### [EXCERPTED RECORDS]

○ ○ ○ ○ ○ ○ ○

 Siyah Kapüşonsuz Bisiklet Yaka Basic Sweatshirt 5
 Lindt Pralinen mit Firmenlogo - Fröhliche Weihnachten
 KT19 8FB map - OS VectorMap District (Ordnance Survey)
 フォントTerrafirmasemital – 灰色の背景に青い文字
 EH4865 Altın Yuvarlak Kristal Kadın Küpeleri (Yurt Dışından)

○ ○ ○ ○ ○ ○ ○

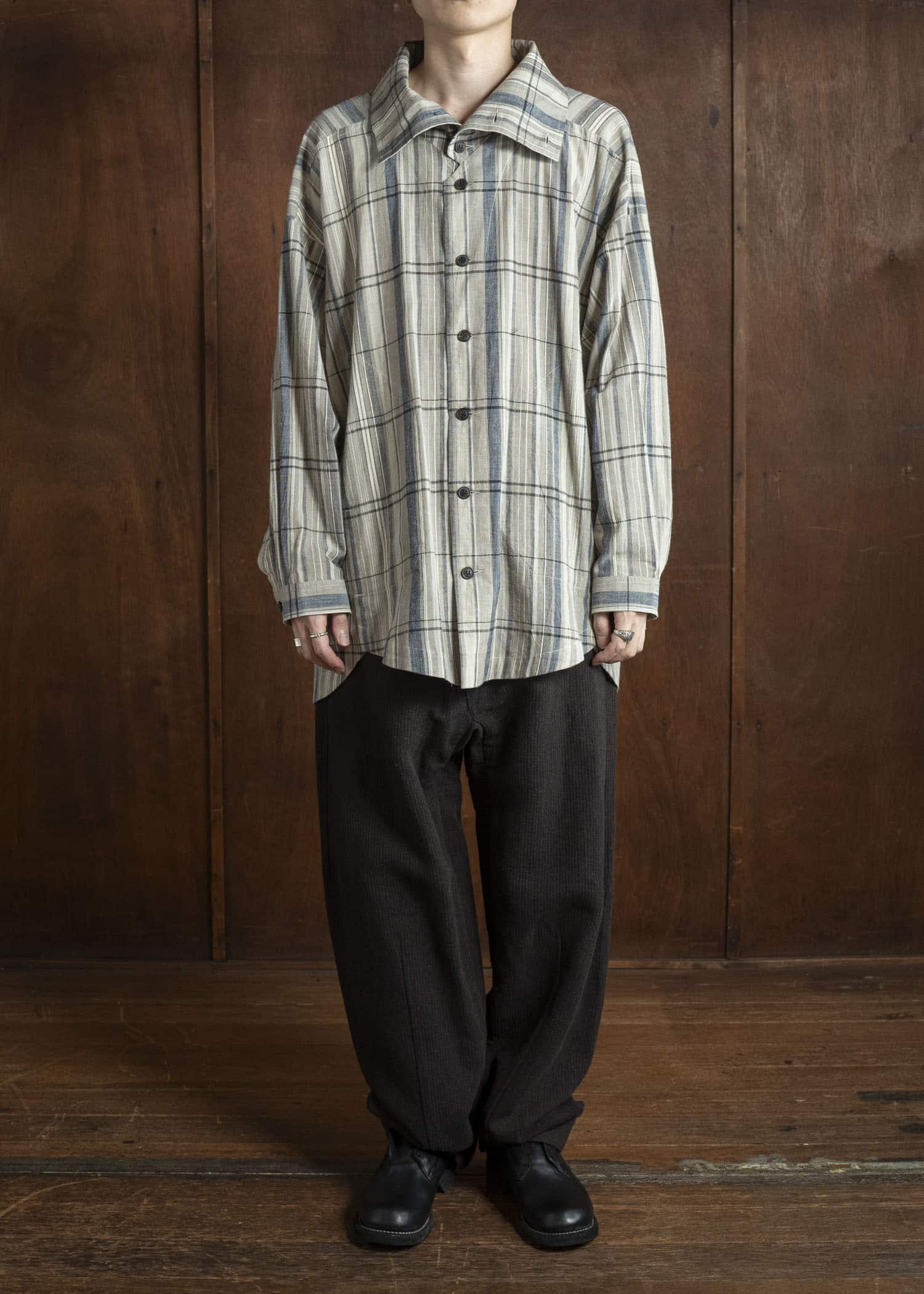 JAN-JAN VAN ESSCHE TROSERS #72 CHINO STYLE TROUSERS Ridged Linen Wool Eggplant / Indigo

○ ○ ○ ○ ○ ○ ○

### [ASSIGNED TASK]
Print exactly the lines above, between the one holding "フォントTerrafirmasemital – 灰色の背景に青い文字" and the one holding "EH4865 Altın Yuvarlak", inclusive, and nothing besides.

### [SOLUTION FOR THIS EXERCISE]
 フォントTerrafirmasemital – 灰色の背景に青い文字
 EH4865 Altın Yuvarlak Kristal Kadın Küpeleri (Yurt Dışından)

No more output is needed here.